‘Accelerators’ Then and Now – What Has Really Changed?

I have been around the supercomputing market for over 25 years and have had an opportunity to see some interesting ideas come and go.  Let me share two that I experienced firsthand.

  • CDC’s Cyber205 or a Cray 1S.  The CRAY-IS and the CDC Cyber 205 both offered effective vector processing, however, code conversion between them may have required some significant algorithmic changes. Cray of course won the HPC race at that time.  Note, the Cyber 205 was a tremendous performer, when you could keep their extreme.ly long vector pipeline busy. However, one branch or gap in the vector processing pipeline would cause a flush of the vector unit and what performance advantage you appeared to have vs. a Cray 1S was quickly erased.
  • An early day accelerator was Floating Point Systems.  In particular the FPS 164 was an awesome “off load” system where the needs of a few users were satisfied with better throughput than the Cray X-MP and Y-MP of the day.

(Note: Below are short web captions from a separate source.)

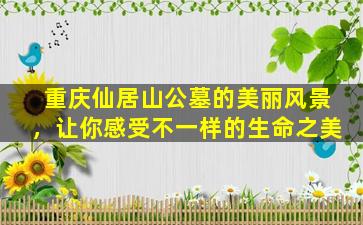 重庆仙居山公墓的美丽风景，让你感受不一样的生命之美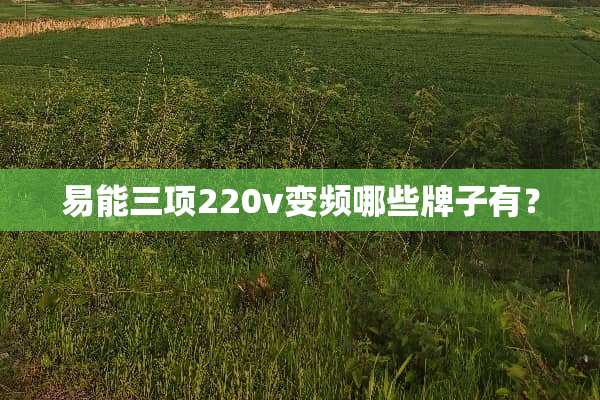 易能三项220v变频哪些牌子有？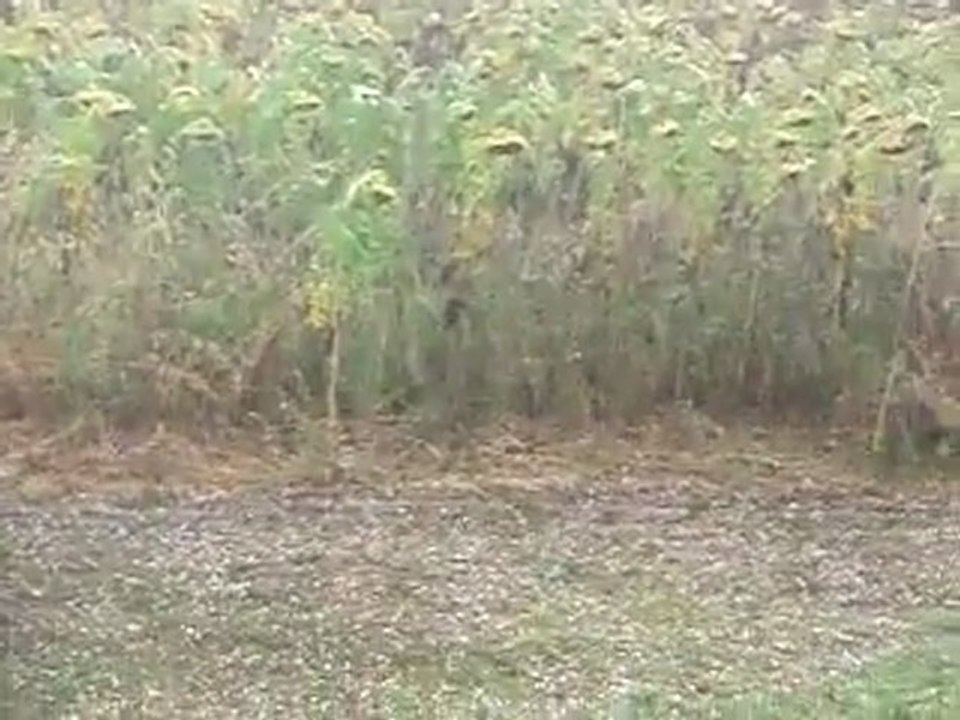 temporale montegiorgio2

Convex, had a better idea.  It was better at serving the needs of more than an FPS 164 and was simpler to develop, maintain and scale software to next generation systems.

So what are the lessons from history? Perhaps it is that there it is there is a tight connection between application, architectures and algorithms and that it is extremely important to maintain a level of application flexibility and versatility in order to adopt new architectures as they become available in the market.  The old adage still remains true, software will outlive the useful life of hardware.  So it is important to be able to quickly adapt new shifts.

The same questions probably still apply today as they did when Cray, CDC and FPS were around.

When does an accelerator computing strategy work best?

The easiest answer is if your application is extremely data parallel in nature, then it may be well suited for an accelerator strategy. The word extremely is the critical part.

If your application only performs some level of data parallelism and includes task, thread and cluster level parallelism or contains a small fraction of branching or is host to irregular data sizes, then perhaps an accelerator may not be the best fit.

How much real performance will an accelerator strategy deliver?

Often times we hear claims of 10X, 20X or even greater than 30X.

These are great headlines, but as many have noted, you need to understand an accelerators impact on the total execution time of your application.  What may have been 10X to 30X or more on a kernel of the application may only deliver a mere 2X to 3X or even less in terms of total application performance improvement.

Of course the real question is what are we really comparing performance speed ups to?

I have seen well tuned software on accelerators compared to “baseline” code running on one core of an old processor.  However, when you use available software technology and turn compiler flags on and add in a math kernel library call the performance on multi-core solutions can jump by over 10X and in some cases can exceed 30X multiples for total execution time.  This standards based accelerated software will scale forward as newer microarchitectures are made available from Intel.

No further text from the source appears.